On 23rd June, the High Court issued its judgement on a challenge taken by the National Electrical Contractors of Ireland (NECI) against the Labour Court, the Minister for Business, Enterprise and Innovation, and the Attorney General. NECI challenged the validity of the Sectoral Employment Order (Electrical Contracting Sector) 2019 and the Industrial Relations (Amendment) Act 2015. NECI was successful on both counts. The defendants have decided to appeal the decision to the Supreme Court.
SECTORAL EMPLOYMENT ORDERS
In his judgement, Justice Garrett Simons advised that Chapter 3 of the Industrial Relations (Amendment) Act 2015 is invalid having regard to the provisions of Article 15.2.1 of the Constitution. He also advised that it, therefore, follows that the Electrical SEO is also invalid and must fall with the parent legislation.
The effect of this judgement is that all SEOs introduced in accordance with the Industrial Relations (Amendment) Act 2015 are now deemed invalid. The SEOs applicable in the general construction industry, the mechanical sector and the electrical sector are, therefore, deemed invalid.
Workers in the industry are currently employed in accordance with the terms of the applicable SEO. A contract is, therefore, in place between employers and workers. Employers do not have the right to amend the terms of a contract of employment unilaterally.
Judge Simons advised that it is proposed to make a declaration that Chapter 3 of the Industrial Relations (Amendment) Act 2015 is invalid. It is, therefore, proposed that an Order is issued in due course giving legal effect to the judgement.
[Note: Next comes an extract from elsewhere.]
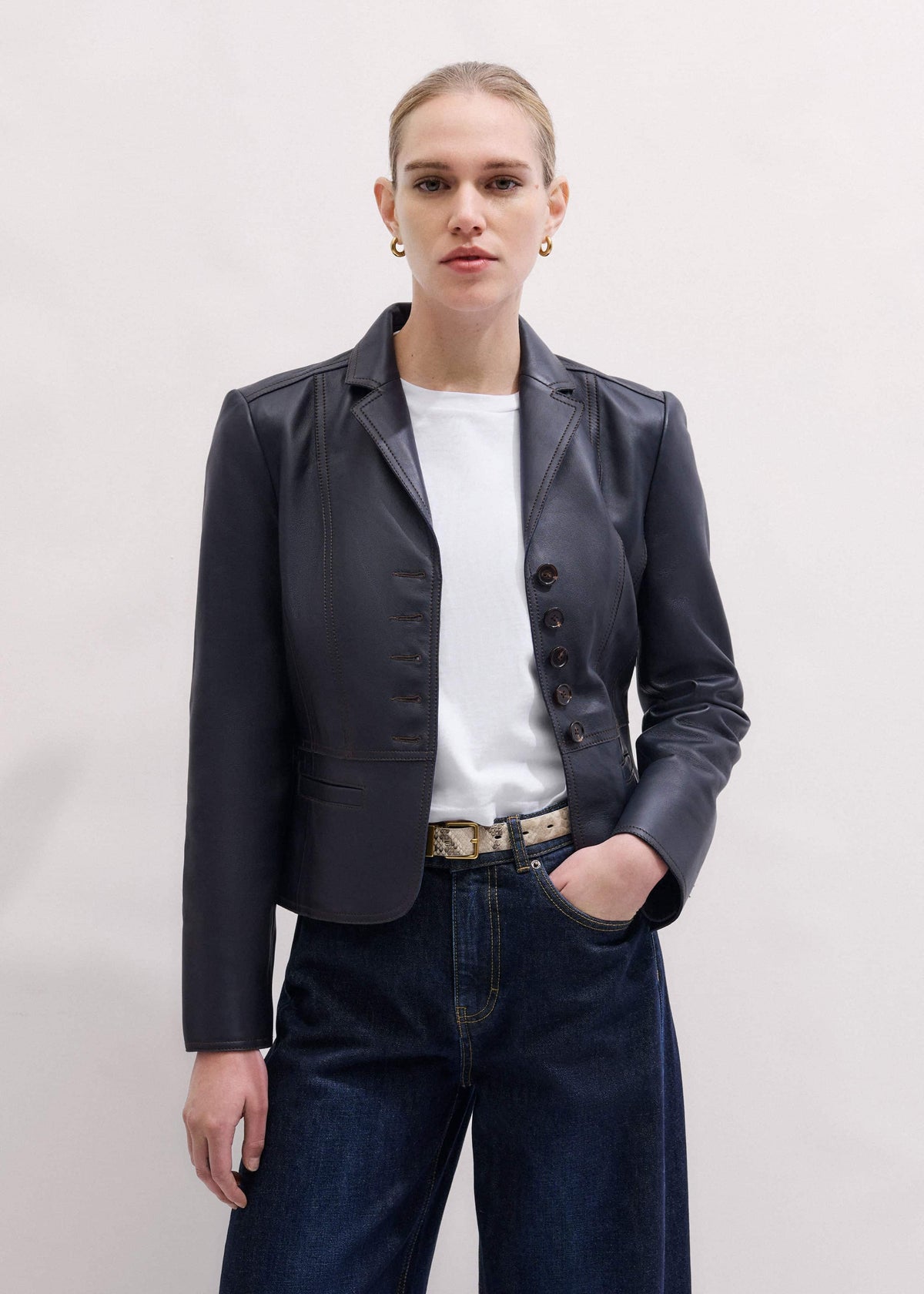 Navy Leather Luxe Short Fitted Blazer | ME+EM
However, as the defendants have decided to appeal the judgement to the Supreme Court, they may apply for a Stay on the Construction and Mechanical SEOs in particular pending the outcome of the appeal.
Until the position becomes clearer, construction employers are advised to continue to adhere to the terms of the relevant SEO until at least such time as a declaration is issued giving legal effect to the judgement or a Stay is placed on the SEOs pending appeal to the Supreme Court.
The CIF Industrial Relations sub-Committee has set up a special sub-committee to deal with this issue. This sub-committee will meet on a regular basis over the coming months.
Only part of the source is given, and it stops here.